2. Representation Bit Calibration: Predicting the stability of each hash bit

While the semantic level handles "what to learn," this level handles "how to encode." COLA uses a self-supervised proxy task to quantify bit reliability: robust bits should remain stable under slight input perturbations. Specifically, Gaussian noise is added to feature \(f_i\) to get \(f'_i\), and bit-wise stability labels \(v_{i,k}=\mathbb{I}\{\text{sign}(h_{i,k})=\text{sign}(h'_{i,k})\}\) are generated. A lightweight head \(G_{bit}(\cdot)\) predicts the \(L\)-dimensional bit confidence vector \(w^{bit}\in[0,1]^L\) using binary cross-entropy.

Bit confidence functions in both training and retrieval. During training, a weighted quantization loss is used: \(L_{quant}=\frac{1}{|B|L}\sum_x\sum_k \text{stop\_grad}(w^{bit}_{x,k})\cdot\max(0,1-|h_{x,k}|)\), applying stronger constraints on reliable bits. At retrieval, an Uncertainty-Aware Weighted Hamming Distance (UWHD) is constructed: \(d_{UWHD}(x_q,x_d)=\sum_k w_{q,k}\cdot\frac12(1-b_{q,k}b_{d,k})\), where bits with lower confidence contribute less to the distance.

3. Self-regulating Loop: Using uncertainty to schedule multi-objective optimization

COLA uses the aggregated batch-average semantic confidence \(\bar w^{sem}_{B_t}\) and bit confidence \(\bar w^{bit}_{B_t}\) as endogenous control signals to define dynamic weights \(\lambda_{target}\) and \(\lambda_{quant}\). This naturally implements an automatic warm-up: early in training, high uncertainty leads to small \(\lambda\) values, preventing the model from aggressively adapting to noisy target data. As training progresses and uncertainty decreases, target adaptation is gradually scaled up.

Loss & Training¶

The total objective integrates all modules through the self-regulating mechanism:

\[L_{total} = L_{source} + L_{bit\_head} + \lambda_{target}L_{target} + \lambda_{align}L_{align} + \lambda_{quant}L_{quant}.\]

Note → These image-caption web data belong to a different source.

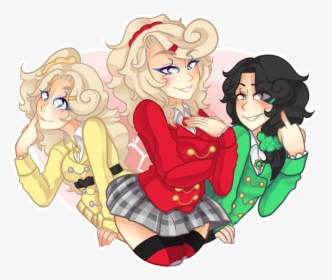 Heathers The Musical Fan Art, HD Png Download, Free Download
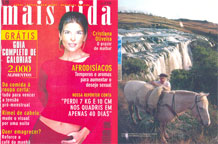 "Uma viagem a cavalo na Serra Gaúcha revela a amazona que existe dentro de toda mulher." 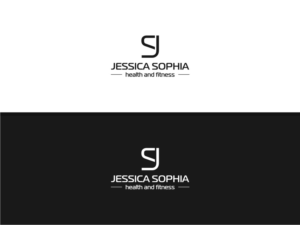 jessica sophia health and fitness | Design de Logo par Atvento Graphics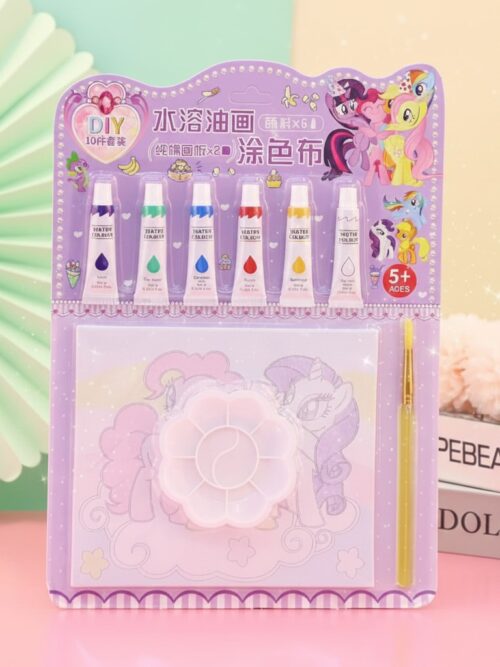Set de pinturas DIY - My Little Pony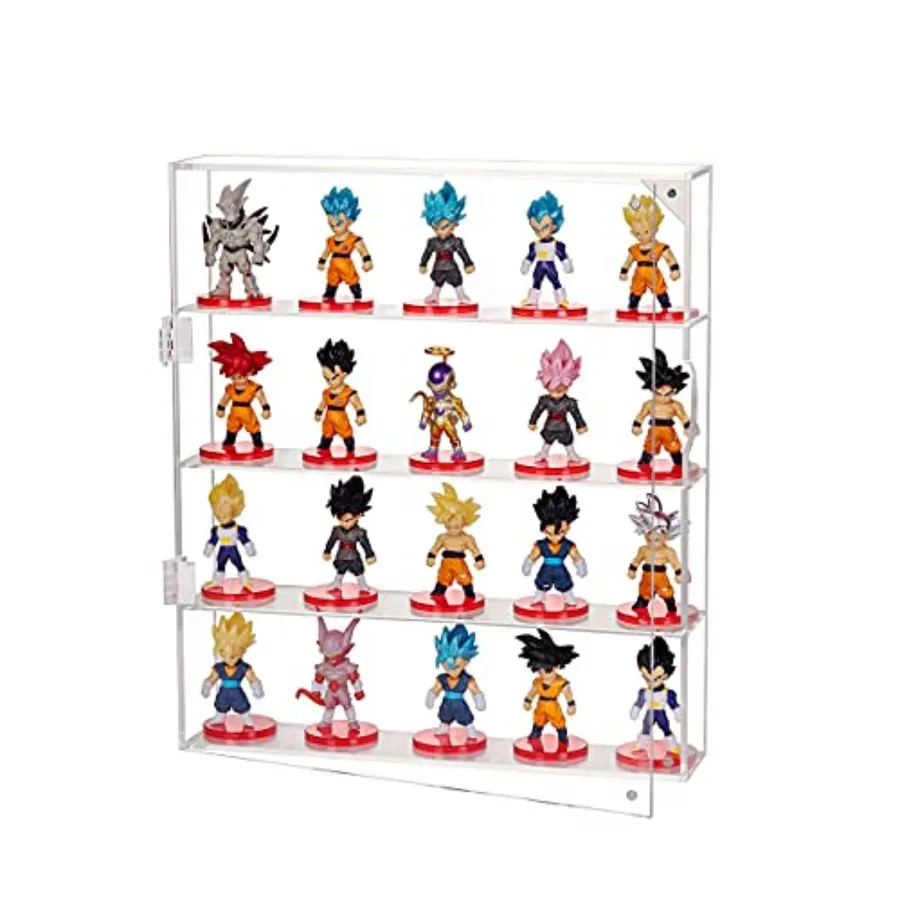 Acrylic Display Case for Mini Funko Pop Figures, Clear Wall Mounted or Desktop 4 Layer Storage Box Cabinet Organizer for Mini T
Acrylic Display Case for Mini Funko Pop Figures, Clear Wall Mounted or Desktop 4 Layer Storage Box Cabinet Organizer for Mini T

\(L_{source}\) is the supervised source loss, \(L_{bit\_head}\) trains the bit confidence head, and the other terms represent weighted pseudo-supervision, alignment, and quantization, with weights dynamically scheduled.

Key Experimental Results¶

Main Results¶

On Office-Home and Office-31 cross-domain retrieval tasks, COLA outperforms 13 baselines (mAP%):

Dataset/Task	Metric	COLA	COUPLE (Runner-up)	IDEA
Office-Home Pr→Re	mAP%	67.04	63.94	59.18
Office-Home Ar→Re	mAP%	57.35	54.14	51.19
Office-31 We→Ds	mAP%	87.28	85.26	84.97
12-task Average	mAP%	62.59	60.29	57.03

On Digits (MNIST↔USPS), mAP increased from COUPLE's 68.53 to 70.40, with more significant gains in longer bit lengths (96/128).

Ablation Study¶

(Office-Home, 64-bit, avg mAP%). SC=Semantic Calibration, RC=Representation Calibration, SR=Self-Regulation:

Config	SC	RC	SR	Avg mAP%	Description
COLA(None)				49.14	Baseline backbone
COLA-SC	✓			49.43	Semantic calibration only
COLA-RC		✓		51.76	Bit calibration only
COLA-SR			✓	51.55	Self-regulation only
w/o SC		✓	✓	54.53	Without semantic calibration
w/o RC	✓		✓	55.21	Without bit calibration
w/o SR	✓	✓		54.74	Without self-regulation
COLA(Full)	✓	✓	✓	57.31	Full model

Key Findings¶

All modules provide positive gains. Representation-level calibration (RC, +2.62) and self-regulation (SR, +2.41) contribute more individually than semantic calibration (SC, +0.29), suggesting bit stability and dynamic scheduling are critical in hashing.
SC remains vital: removing it (w/o SC) leads to a larger drop than removing RC (w/o RC) in some contexts, and the full synergy of the three components is required to reach 57.31.
A calibration ratio \(r_{cal}=20\%\) is optimal; dynamic \(\alpha_t\) evolves with training, confirming that fixed thresholds underperform.

Highlights & Insights¶

Prediction set size as an uncertainty measure: Unlike scalar softmax, set size provides a distribution-free reliability signal with coverage guarantees without requiring sampling.
Theoretical re-interpretation of domain alignment: Theorem 3.1 frames domain alignment as a means to suppress the Total Variation error in conformal coverage, unifying alignment and uncertainty quantification.
Bit-level stability proxy task: Training a head to predict bit flips under perturbation allows for "uncertainty-aware" retrieval without sacrificing the \(O(1)\) speed advantage of hashing.
Implicit warm-up via self-regulation: Endogenous scheduling reduces hyperparameter sensitivity by aligning the adaptation process with the model's "cognitive state."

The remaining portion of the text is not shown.